私、死にたくない……5
それは、本心と反対の言葉だった。
「好き……じゃない、に決まってるじゃん……」
どうして、こう言ってしまったんだろう――
口にした瞬間、後悔のようなものが押し寄せた。
「んだよ。違うのかよ」
どこか残念そうなディオンの言葉に、不思議な気持ちで顔を向けた。
「好きでもねぇ奴のプライベートなんて興味ねぇだろ。変な奴だな」
「う、うるさいわね」
「どんな人生を歩んできたのか……だっけ?」
「え、うん……」
「ああ、あと、大魔法使いを隠す理由とか言ってたな」
と呟くディオンは、ダルそうに後頭部で手を組んで天井を見上げた。
「……別に、聞いて面白れぇ話なんてねぇけどな。最低限働いて、残りは自由に暮らしてるだけだ。

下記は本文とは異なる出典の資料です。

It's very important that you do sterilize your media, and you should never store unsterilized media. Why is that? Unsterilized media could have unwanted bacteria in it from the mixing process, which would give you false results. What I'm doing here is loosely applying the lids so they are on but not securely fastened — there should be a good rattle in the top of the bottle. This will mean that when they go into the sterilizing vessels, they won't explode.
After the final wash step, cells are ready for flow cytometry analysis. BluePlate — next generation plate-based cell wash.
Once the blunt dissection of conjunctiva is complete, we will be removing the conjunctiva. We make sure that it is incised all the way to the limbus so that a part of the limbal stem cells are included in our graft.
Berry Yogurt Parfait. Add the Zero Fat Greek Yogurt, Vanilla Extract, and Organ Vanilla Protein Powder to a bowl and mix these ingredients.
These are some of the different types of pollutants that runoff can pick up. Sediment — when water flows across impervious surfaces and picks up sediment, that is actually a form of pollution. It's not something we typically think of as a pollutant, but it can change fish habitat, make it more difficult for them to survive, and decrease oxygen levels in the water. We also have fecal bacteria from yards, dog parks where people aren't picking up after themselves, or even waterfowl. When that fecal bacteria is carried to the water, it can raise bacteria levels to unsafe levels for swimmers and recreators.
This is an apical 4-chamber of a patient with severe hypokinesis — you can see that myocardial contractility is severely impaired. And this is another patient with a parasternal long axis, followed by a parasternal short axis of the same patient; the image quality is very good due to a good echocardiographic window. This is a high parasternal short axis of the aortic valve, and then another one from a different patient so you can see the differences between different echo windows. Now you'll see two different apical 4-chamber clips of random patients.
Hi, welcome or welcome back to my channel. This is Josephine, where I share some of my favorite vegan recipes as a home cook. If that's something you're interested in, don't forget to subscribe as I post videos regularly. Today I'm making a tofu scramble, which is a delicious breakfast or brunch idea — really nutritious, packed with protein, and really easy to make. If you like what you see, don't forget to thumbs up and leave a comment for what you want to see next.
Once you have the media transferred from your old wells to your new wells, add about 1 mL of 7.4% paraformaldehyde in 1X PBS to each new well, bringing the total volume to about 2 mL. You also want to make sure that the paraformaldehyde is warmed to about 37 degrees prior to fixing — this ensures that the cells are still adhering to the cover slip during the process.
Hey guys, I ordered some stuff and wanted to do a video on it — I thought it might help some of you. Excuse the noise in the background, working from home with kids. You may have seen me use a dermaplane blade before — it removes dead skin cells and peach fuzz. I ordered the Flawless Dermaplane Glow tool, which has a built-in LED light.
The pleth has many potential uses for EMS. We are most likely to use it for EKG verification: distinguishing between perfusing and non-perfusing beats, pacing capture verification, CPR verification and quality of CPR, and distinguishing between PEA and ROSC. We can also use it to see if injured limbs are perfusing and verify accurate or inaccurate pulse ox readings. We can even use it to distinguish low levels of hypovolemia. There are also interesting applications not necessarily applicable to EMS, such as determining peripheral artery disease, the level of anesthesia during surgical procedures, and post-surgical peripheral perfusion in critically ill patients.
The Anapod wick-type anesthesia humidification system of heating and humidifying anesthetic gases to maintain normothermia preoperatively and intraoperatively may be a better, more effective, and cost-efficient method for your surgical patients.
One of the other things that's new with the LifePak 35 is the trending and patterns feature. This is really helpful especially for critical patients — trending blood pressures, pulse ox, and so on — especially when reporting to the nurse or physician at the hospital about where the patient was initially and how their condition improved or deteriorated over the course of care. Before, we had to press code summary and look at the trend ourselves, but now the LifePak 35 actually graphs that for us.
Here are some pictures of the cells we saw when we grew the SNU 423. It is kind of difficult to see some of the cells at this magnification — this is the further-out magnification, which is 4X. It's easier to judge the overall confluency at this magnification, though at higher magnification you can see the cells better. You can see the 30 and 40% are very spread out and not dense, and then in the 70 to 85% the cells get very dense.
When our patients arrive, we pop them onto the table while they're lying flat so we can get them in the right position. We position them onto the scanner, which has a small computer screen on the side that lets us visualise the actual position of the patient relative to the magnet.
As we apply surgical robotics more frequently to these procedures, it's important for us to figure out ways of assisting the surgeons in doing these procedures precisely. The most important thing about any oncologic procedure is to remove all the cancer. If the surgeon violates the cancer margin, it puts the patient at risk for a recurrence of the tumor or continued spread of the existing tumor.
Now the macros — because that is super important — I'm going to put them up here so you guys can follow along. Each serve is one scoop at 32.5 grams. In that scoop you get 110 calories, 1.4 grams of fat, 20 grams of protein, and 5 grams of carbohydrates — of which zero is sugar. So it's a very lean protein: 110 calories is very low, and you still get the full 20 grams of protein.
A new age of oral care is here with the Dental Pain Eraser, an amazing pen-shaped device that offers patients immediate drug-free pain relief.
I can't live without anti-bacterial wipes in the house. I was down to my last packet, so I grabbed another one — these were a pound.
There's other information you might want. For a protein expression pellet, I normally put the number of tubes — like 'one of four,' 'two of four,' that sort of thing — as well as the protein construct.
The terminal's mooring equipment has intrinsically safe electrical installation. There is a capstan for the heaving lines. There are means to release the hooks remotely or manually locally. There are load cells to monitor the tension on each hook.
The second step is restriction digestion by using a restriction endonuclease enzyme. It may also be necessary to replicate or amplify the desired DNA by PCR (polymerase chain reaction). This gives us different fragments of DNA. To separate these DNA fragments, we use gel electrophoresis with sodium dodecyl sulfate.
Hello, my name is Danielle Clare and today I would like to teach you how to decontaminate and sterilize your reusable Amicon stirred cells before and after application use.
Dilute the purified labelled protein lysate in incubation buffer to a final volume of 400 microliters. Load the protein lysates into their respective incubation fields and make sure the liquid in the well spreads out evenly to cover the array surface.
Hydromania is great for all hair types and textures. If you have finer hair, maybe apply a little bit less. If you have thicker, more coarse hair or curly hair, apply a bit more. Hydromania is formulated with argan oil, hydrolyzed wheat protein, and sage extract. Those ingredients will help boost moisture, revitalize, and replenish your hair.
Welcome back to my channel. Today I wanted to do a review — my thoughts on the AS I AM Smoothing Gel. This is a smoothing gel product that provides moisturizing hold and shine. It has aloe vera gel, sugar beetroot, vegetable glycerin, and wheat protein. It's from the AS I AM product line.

大魔法使いって肩書を隠してんのは、ただ国や世界の問題に巻き込まれたくねぇからだ」
その言葉に、キョトンとした顔を向けてしまう。
だって、あまり言いたがらなかった自分の事を、今なら教えてくれるように感じたからだ。
「もしかして、ディオンのこと聞いていいの?」
「聞きてぇんだろ?」
そう言われ、私は少し戸惑いながらも遠慮がちに頷いた。
「何から聞きてぇんだ」
あんなに嫌そうだったのに、急にどうして?
やっぱりディオンはよく分からない。
ただの気まぐれ?
どちらにしても、こんなチャンスは今度いつ巡って来るのか分からない。
ディオンのことを――もっと知りたい。
「うーん、学園に入る前も知りたいし、学園に居た頃も、卒業した後も気になるし……」
小さい頃のディオンはどんなんだったんだろう?
魔力もトップクラスだっただろうし、ガキ大将的な存在だったのかも……
「学園に入る前は分からねぇ」
「えっ?」
「記憶がねぇから」
その言葉に驚いてディオンを見ると、少し眉を下げた横顔が目に入った。
その瞬間、この話はタブーだったんじゃないかと思った。
「俺が学園に入れられたのは1歳になった頃らしいし」
「1歳……っ!?」
一瞬聞き間違いかと思った。
でも、すぐにこれは普通なのかもしれないと思い直した。
だって、ディオンは大魔法使いなんだから。
大魔法使いになる人達は、魔力の覚醒者か、一般的に魔法を感知できる3~5歳以外の年齢で魔力が溢れる者。そのどちらかだから。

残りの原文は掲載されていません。